Tuesday, July 12, 2011

Tactile pixels in display allows blind users to "feel" touch screens

From Mobiledia:

New display technology is allowing users to "feel" touch screens, giving the blind a way to interact with mobile devices.

Senseg's E-Sense technology, being developed in Sweden, recreates the sensation of different textures on touch screen devices. It uses "tixels," or "tactile pixels," to generate an electric field a few millimeters above the device's surface, enabling skin to feel finely tuned sensations replicating different textures.

The technology is similar to the concept of haptic feedback, which vibrates to confirm that a finger touch has been accepted, but has even farther-reaching implications.

Braille reading would be one immediate application for the technology. The blind and visually-impaired would be able to take advantage of the tactile-pixel technology, assisting them in reading messages on touch screen devices like smartphones. Down the road, the technology may even allow people to, for example, touch the face of a newborn baby or hold the hand of the long-lost friend.

Senseg said the technology may also create knobs, buttons and other tactile elements for the increasingly-popular mobile gaming market. Handset makers, currently struggle for placement of controls on the limited space of smartphones, may also find a use for tactile displays.

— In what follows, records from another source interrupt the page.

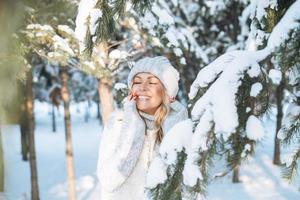 mujer rubia sonriente en ropa de invierno manos cerca de la cara en el bosque de invierno cubierto de nieve foto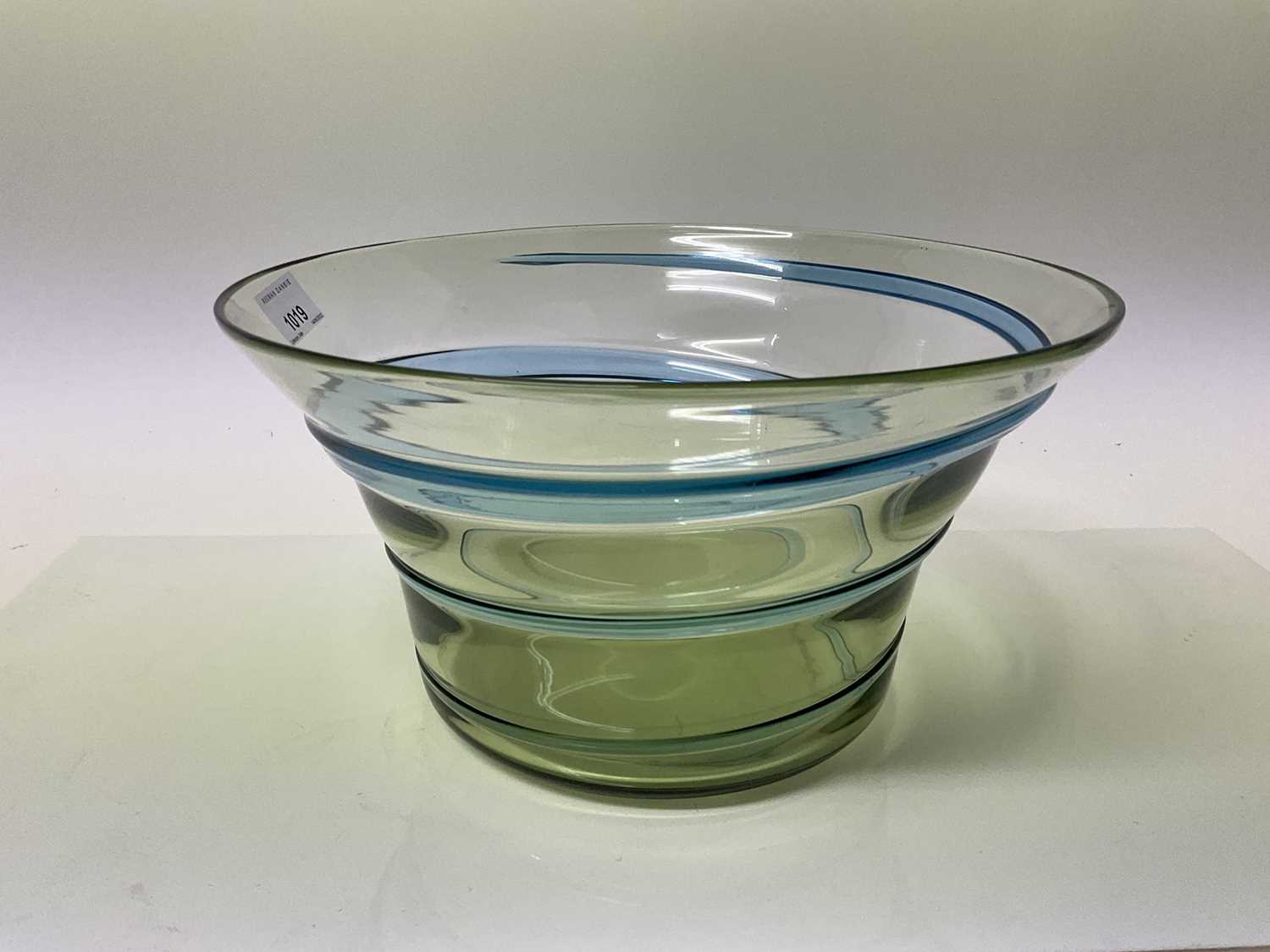 Lot 1019 - Large Whitefriars green glass bowl with blue ribbon trailed decoration, possibly by Barnaby Powell, 16cm high, 29cm diameter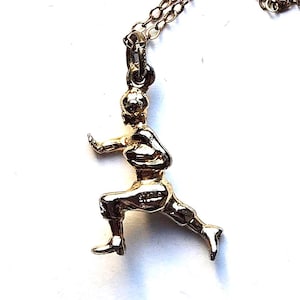 May include: A gold-colored pendant necklace featuring a small, detailed figure in a dynamic pose, possibly engaged in a martial art or exercise. The figure is attached to a delicate gold chain, creating a simple yet elegant accessory.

The emerging technology follows the larger trend of integrating human senses into electronic gadgetry. Earlier this year, Apple reportedly started developing a voice interface, after its purchase of Nuance, maker of the popular Dragon dictation software.

Senseg's E-Sense technology is reportedly inexpensive and relatively easy to implement, with Toshiba the first company to sign up to explore ways the feature in its products.

As other companies partner with the Swedish company, the discovery that the touch screen doesn't have to be flat may revolutionize the digital device market in much the same way Columbus' similar conclusion about the shape of the earth affected mapmaking centuries ago.